In trying to sdebug why a certain regex wasn't working like I expected
it to, I came across this strange (to me) behavior. The file I am
trying to match definitely contains many instances of the letter 'a',
so I would expect the regex

rgxPrev = re.compile('.*?a.*?')

to match it the string contents of the file. But it doesn't. Here is
[...]
I read the regex to mean non-greedy match of anything up to an a,
followed by non-greedy match of anything following an a, which this
file should match.
There is a nice example where non-greedy regexes are really useful in A. M.
Kuchling's Regex Howto (http://www.amk.ca/python/howto/regex/regex.html)
Or am I insane?


This may be off-topic, but the easiest if not fastest way to find multiple
occurences of a string in a text is:
import re
r = re.compile("a")
for m in r.finditer("abca\na"): .... print m.start()
....
0
3
5


Peter
Jul 18 '05 #6
>> This is a bogus regex - a '*' means "zero or more occurences" for the
expression to the left. '?' means "zero or one occurence" for the exp to
the left.


Not true. See http://www.python.org/doc/current/lib/re-syntax.html :

*?, +?, ??
The "*", "+", and "?" qualifiers are all greedy; they match as much text
as possible. .... Adding "?" after the qualifier makes it perform the
match in non-greedy or minimal fashion; as few characters as possible will
be matched. ....


Hmm.
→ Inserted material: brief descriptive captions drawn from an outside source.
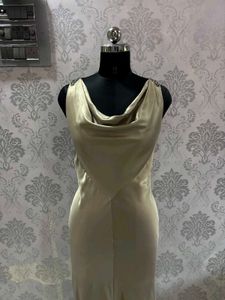 Elegant Sleeveless Gold Gown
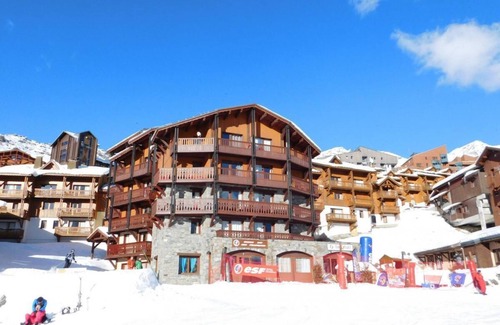 Val-Thorens Apartment | 100m from resort center, fitness, balcony, tv, ski locker, 49m², Val Thorens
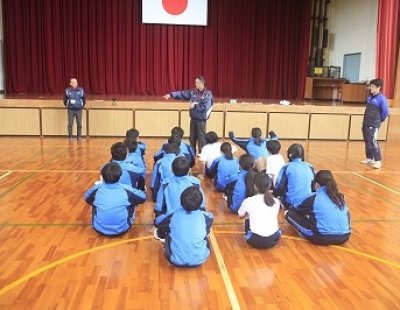 中学校で烏帽子チャレンジスクールを行いました。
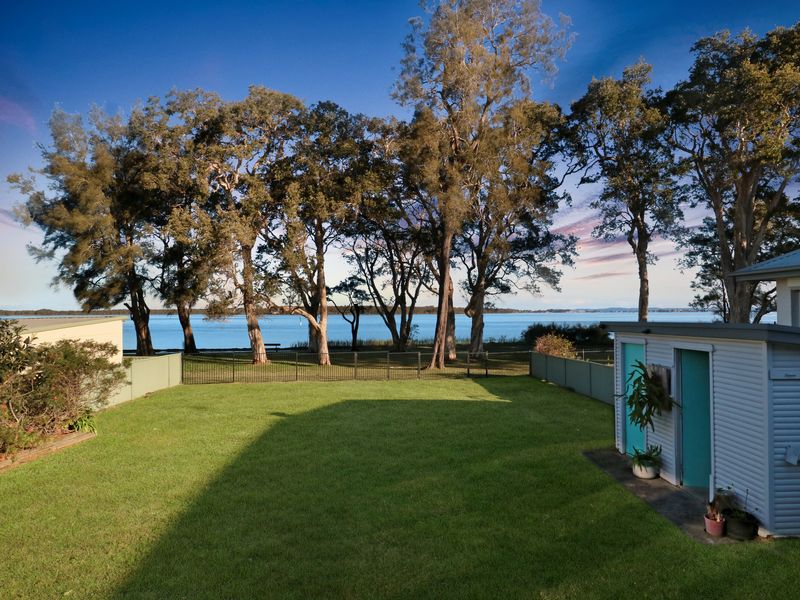 Lake Front Home Relax Unwind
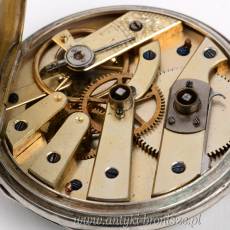 Zegarek kieszonkowy srebrny, kluczykowy, srednica 4,5 cm. Kompletny z oryginalnym lancuszkiem i 2 kluczykami - poz. 6827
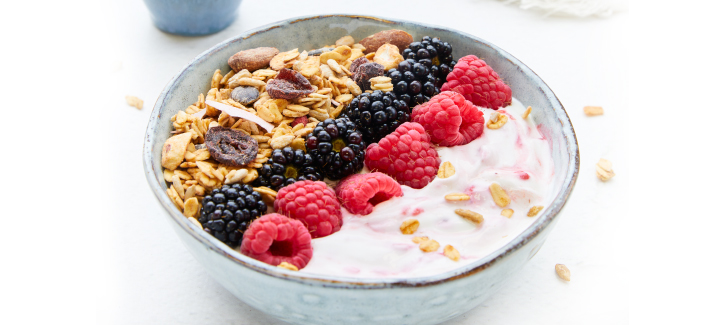 Himbeerjoghurt mit Granola und rotem Obst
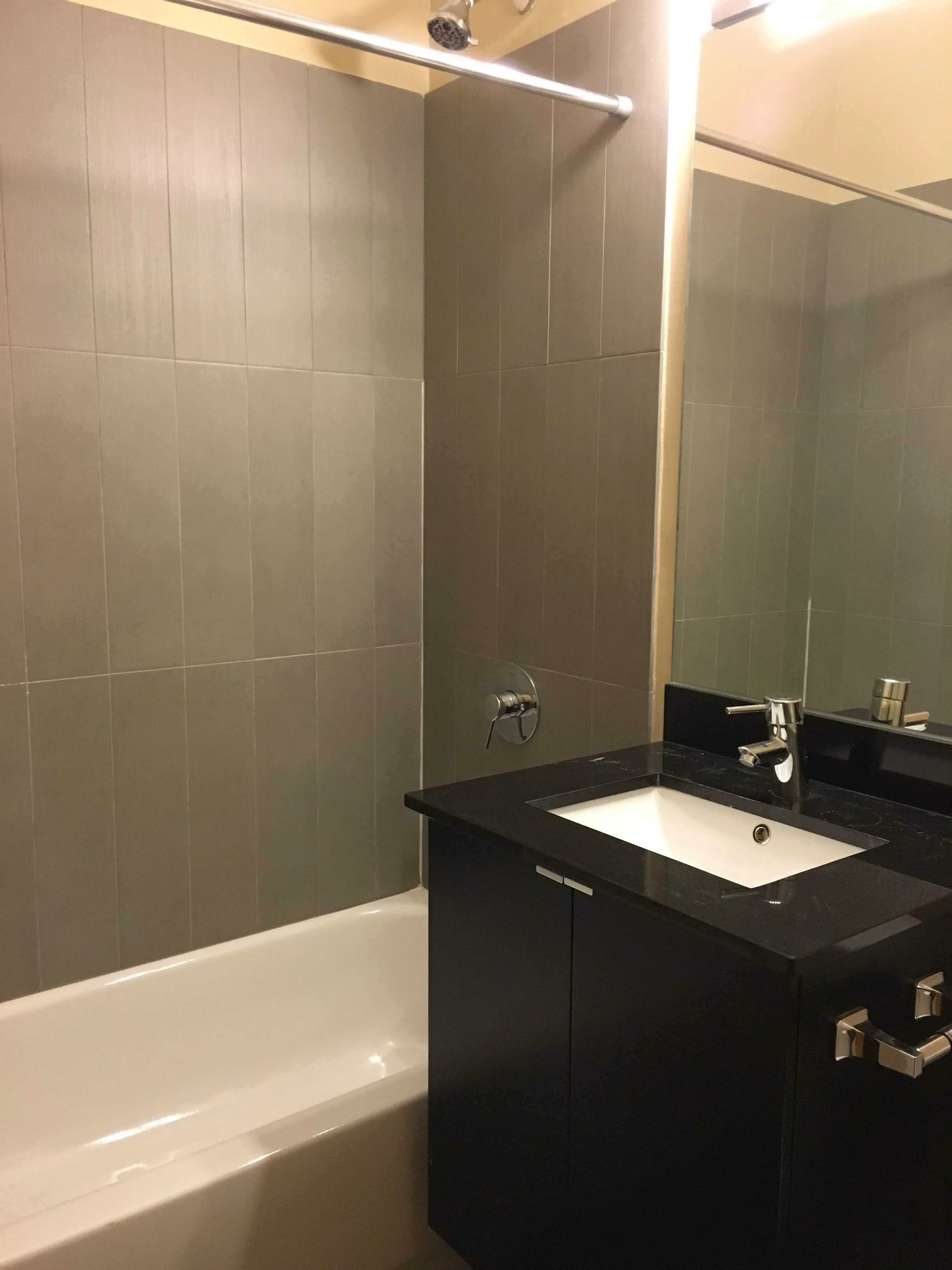 model kitchen at 2157 North Damen Apartments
But when thats true, what does ".??" then mean - the first ? is not
greedy, so it is nothing matched at all. The same is true for ".*?", and
".+?" is then equal to "." So what makes this useful? The regex in question
definitely didn't work with it.

Diez
Jul 18 '05 #7
Hmm. But when thats true, what does ".??" then mean - the first ? is not
greedy, so it is nothing matched at all. The same is true for ".*?", and
".+?" is then equal to "." So what makes this useful? The regex in
question definitely didn't work with it.


Ok - I just found out - it makes sense when taking into account what follows
in the regex, as that will be matched earlier. Neat - didn't know that such
things existed.

Diez
Jul 18 '05 #8
>>>>> "Peter" == Peter Otten <__*******@web.de> writes:

Peter> This may be off-topic, but the easiest if not fastest way
Peter> to find multiple occurences of a string in a text is:

Right, I actually am using regex matching and not literal char
matching, but in trying to debug why my regex wasn't working, I
simplified it to the simplest case I could, which was a string
literal.

Thanks for the DOTALL pointer above.